Bearing in mind that the crypto is likely the most sensitive part of the project and extensive documentation may speed exposing vulnerable points, understanding the full extent of peer-enforced powers versus protocol-enforced powers granted by the certificates/sibyls. Also, to what degree are private keys and re-signing are significant? A person concerned about security may want to initiate a physical barrier between key calculations and the network connected client (such as usb to carry messages or manual data-entry).
A person skeptical of the legitimate monopoly of force, might be curious of the "pre-mining" process, practicality of "side-chaining" the network, and/or cross-compatibility between networks (or conflicting ~zod). Suggesting that doubt is an option may cut into the legitimacy of Tlon, but, if the electorial system is effective and legitimacy popular, it should be a negligible assurance.
More specific questions might be: are stars able to invalidate planets? If so, is it still deterministic that they were infact once valid? What algorithms can be used to efficiently create these keys and how much arbitrary work goes into the creation of a new sibyl, since P vs NP is still something to factor into. It's reasonable the believe that the underlining key of ~zod is vulnerable since it can be reasonable that facebookcorewwwi.onion proved the feasibility of breaking sha-256 and that the most recent supposed forgery of a single Satoshi private key. This makes wondering what algorithm is being used definitely a relevant longevity concern.

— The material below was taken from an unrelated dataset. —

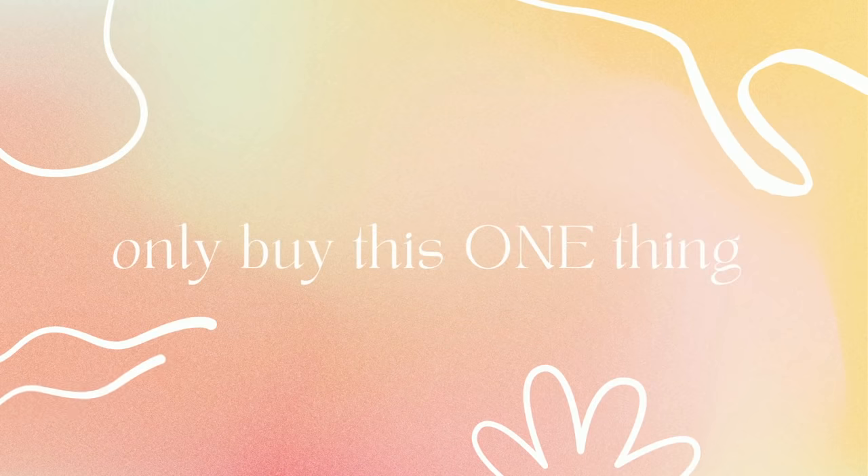Next, only buy this one thing. An advertisement might play in the next few seconds, so if you want to support this channel please do not skip the ads — thank you.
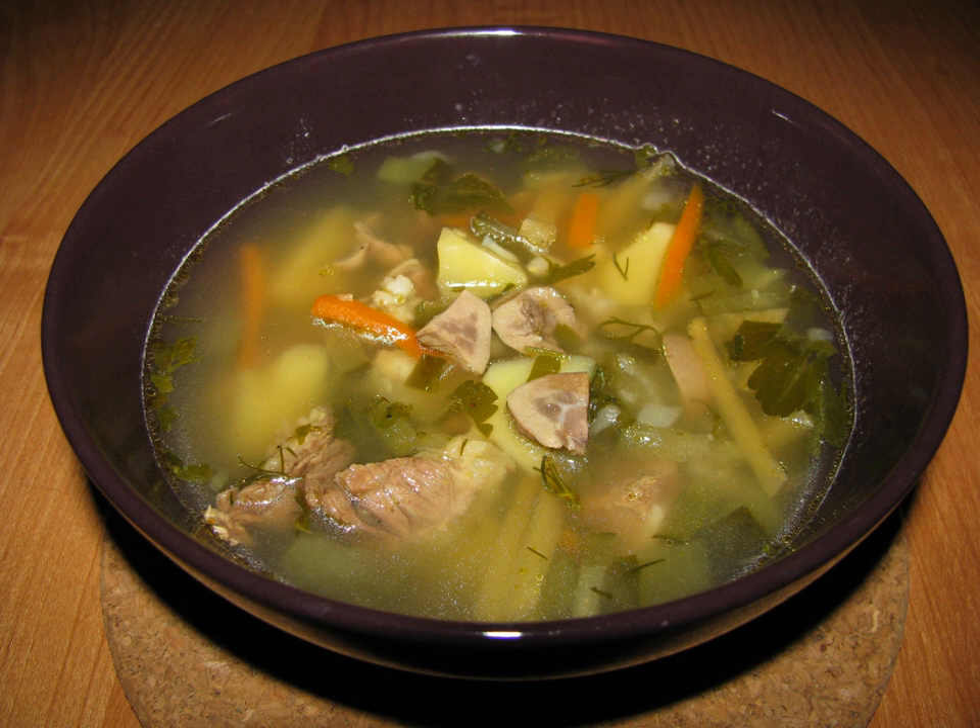Pickle soup is a style of soup prepared with various types of pickled vegetables. Dill pickle soup is a variety of pickle soup prepared with pickled cucumber. Some versions use grated dill pickle in their preparation. Some restaurants in the United States offer the dish to their patrons, such as Polish grocery stores and restaurants in Chicago's South Side.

UDP choice seems to be controversial, though for the uninitiated in the halls of cisco, it may require some more documentation on how the actual association engine of messages and listeners works and why it works the way it does to defend or criticize.
And, as mentioned elsewhere, there is no redundancy of work between Urbit and Juan Benet's IPFS, however there could be said to be a redundacy of work between Urbit's addressing system and Juan Benet's IPNS which provides similar level of functionality at the moment, however has vaporware roadmap promising more deeply elaborated ethical considerations about the matter. The ultimately interesting question is, could urbit implements an alternative IPNS scheme or perhaps even some twisted hybrid scheme? The ethical considerations of a hybrid potential, likely out-weigh either's merits through mere individual choice, unless we don't believe in the power of that any more.

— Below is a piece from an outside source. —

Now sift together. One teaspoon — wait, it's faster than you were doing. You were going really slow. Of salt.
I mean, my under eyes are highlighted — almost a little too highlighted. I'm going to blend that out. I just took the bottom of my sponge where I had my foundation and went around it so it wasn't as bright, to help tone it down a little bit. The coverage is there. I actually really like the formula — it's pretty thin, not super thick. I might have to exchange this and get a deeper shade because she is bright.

With the entire Vulture repayment model hinging on the value of such a system, centralized control and disenfranchising such compatibility would be incentivized even when destructive, so ethically how does one justify not documenting this most contraversial aspect. And, to everyone not associated and just reading, how do you justify not asking? Legitimately this is likely a lapse in consideration, but a cynical mind could paint it as malicious and reasonably so. If we can't hold ourselves accountable, the question, these days, is: who will?
Disclaimer: primary computer has only <600 mbs of ram; unable to actually use urbit.